一月、わが家はにぎやかでした。2日に遊びに来てくれた会社の後輩一家を振り出しに、テニス仲間やら仕事仲間やら、計5回もホームパーティー(というより宴会)をやったから。それに加えて以前もご紹介した同期入社でカメラマンの大串祥子さんが銀座で開いた個展のため2週間ほどわが家に滞在していたので、毎晩の一杯もついつい飲み会に盛り上がってしまったのでした。

飛翔する僧侶

今春、彼女は写真集『少林寺 Men Behind the Scenes II』を刊行しました。中国禅宗発祥の地、嵩山少林寺を舞台に少林武術に取り組む若き僧侶たちの姿を収めた一冊。3年にわたってその日常に密着し、立ち入り禁止エリアでの撮影も許可されたのだとか。伝統と鍛錬によって磨かれた技の数々は迫力満点です。

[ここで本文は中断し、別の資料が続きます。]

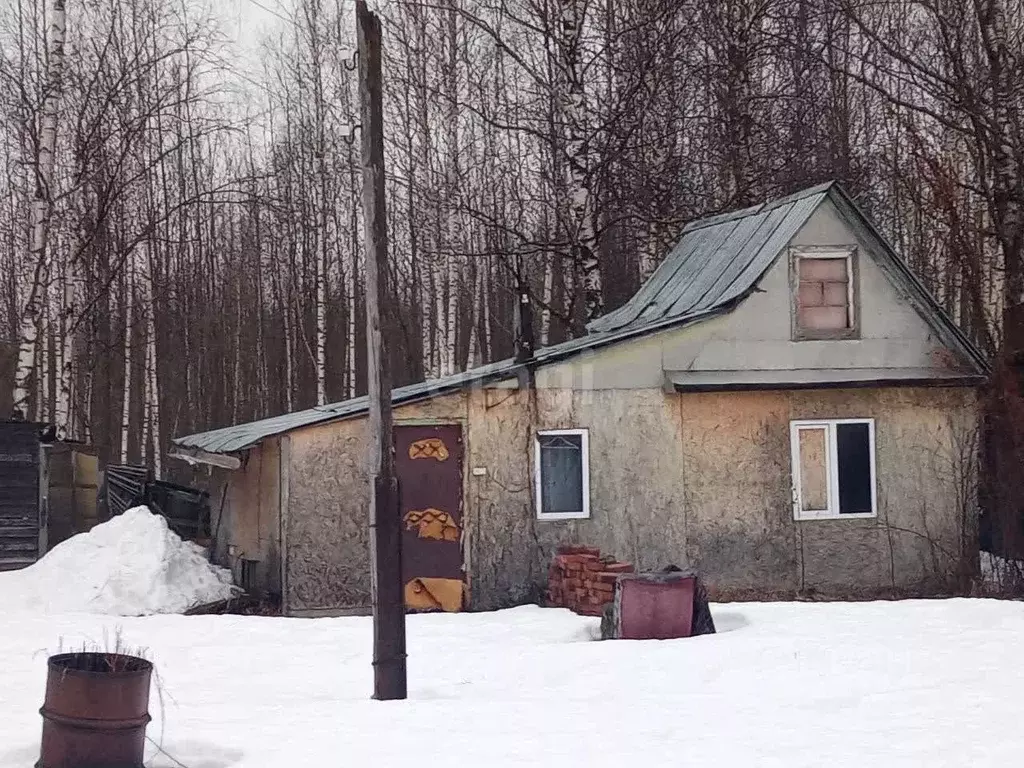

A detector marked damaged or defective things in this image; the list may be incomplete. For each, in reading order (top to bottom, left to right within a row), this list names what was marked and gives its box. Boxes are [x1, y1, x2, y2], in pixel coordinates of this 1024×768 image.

rusty metal barrel [37, 656, 153, 768]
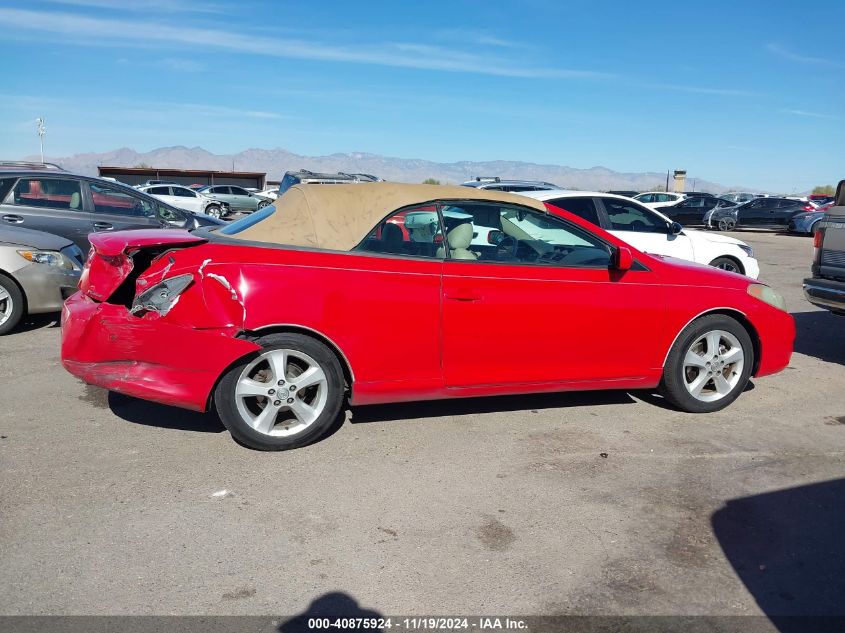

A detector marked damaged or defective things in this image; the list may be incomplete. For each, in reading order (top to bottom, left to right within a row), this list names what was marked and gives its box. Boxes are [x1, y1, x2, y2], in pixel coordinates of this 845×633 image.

wrecked vehicle [62, 181, 796, 450]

この少林寺以前にも彼女が選んだ被写体はとてもユニークです。ウィリアム王子も卒業なさったイギリスの全寮制名門パブリックスクール、イートン校の生徒。ドイツ連邦軍で兵役に当たる若者たち。コロンビア軍の麻薬撲滅部隊などなど。撮影も大変そうですが、それ以上にどうやって撮影許可をもらうのか想像できないくらい、難しそうな相手ばかりです。「なんか特別なコネでもあるの?」と聞いたところ、彼女の答えは「アイデアが明快だからよ」。

美僧

 

「秩序・階級・制服・規則・不条理だらけの男性社会を女性目線で切り取る」

皆さんはこれをアイデアだと思いますか?「アイデアとは面白いもの」と定義する人にとっては、笑えるものでもないし、物足りないかもしれません。実際、大串さんが「わたしのアイデアは、これ」と説明すると、キョトンとされることも少なくないようです。しかしロンドンにある世界的な大学で写真を学んだ彼女にとっても、一介の広告屋さんであるぼくにとっても、これは立派な「アイデア」です。

理由は「新しい」「視点」だから。

アイデアとは今までの常識を覆す「視点」でなければなりません。大串さんのそれは、明らかにモノの見方を問題にしています。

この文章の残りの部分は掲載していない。